TASK STATEMENT:
The reply should consist solely of the lines from the one with "504 Atlanta Ave - Photo 1" through the final line of the listing, copied exactly, with no pictures.

INFORMATION SHOWN:

------

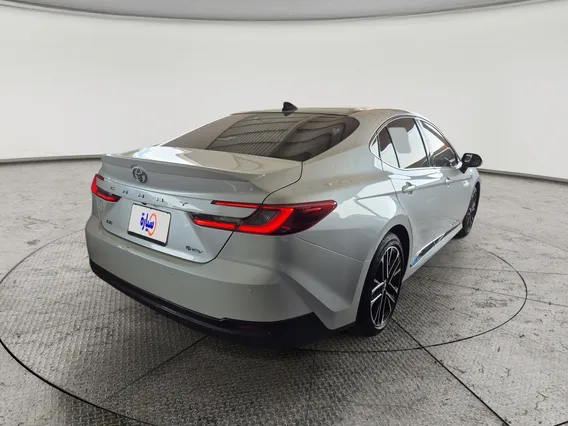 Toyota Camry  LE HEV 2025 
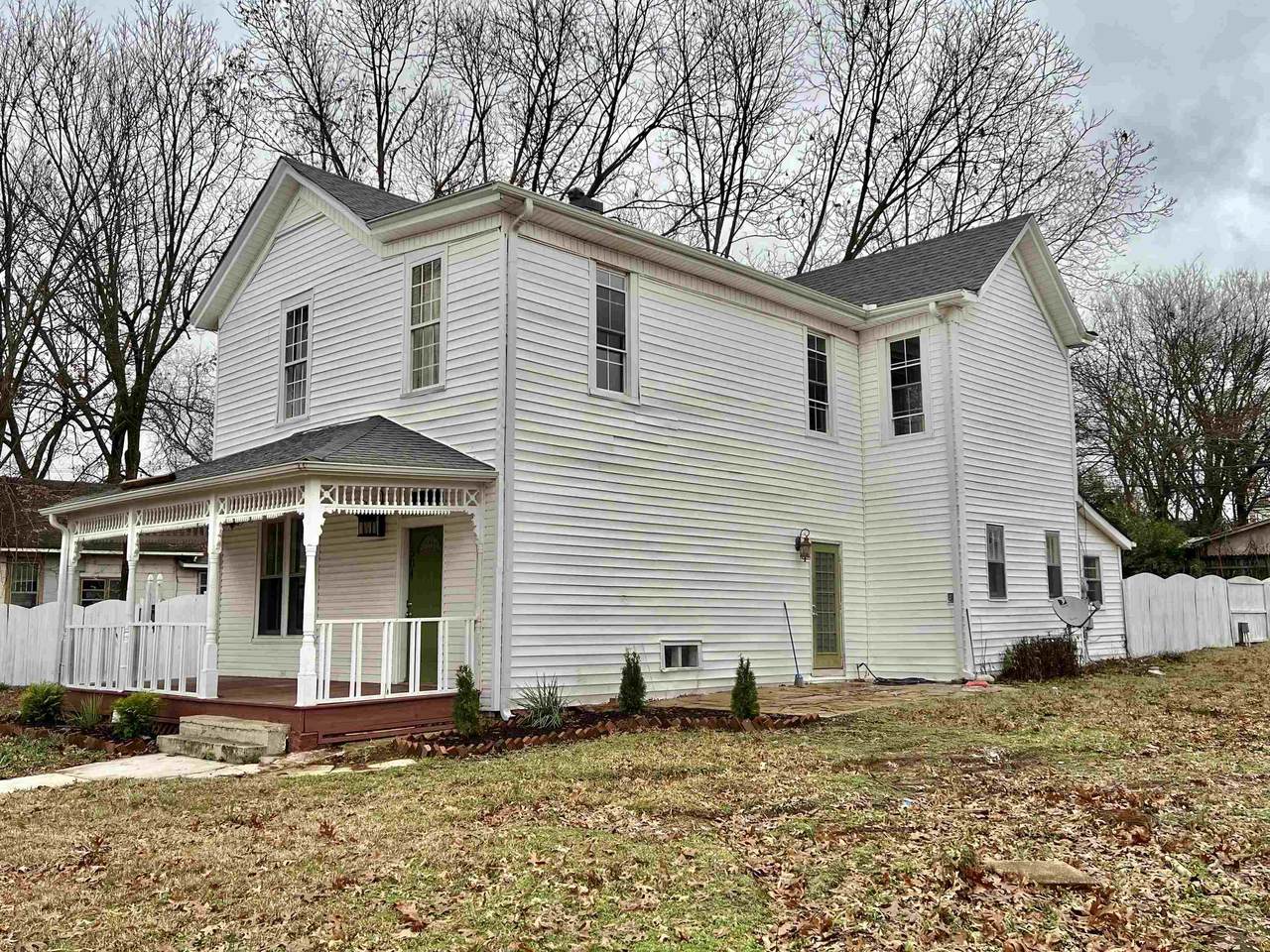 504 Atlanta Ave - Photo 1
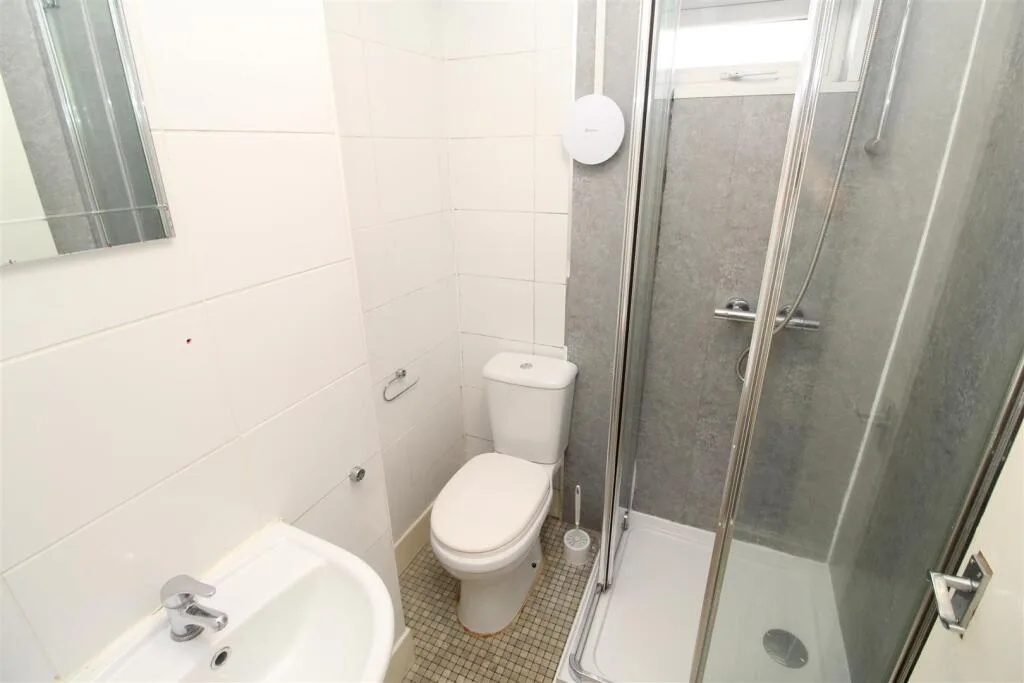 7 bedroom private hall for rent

------

WRITTEN ANSWER:
 504 Atlanta Ave - Photo 1
 7 bedroom private hall for rent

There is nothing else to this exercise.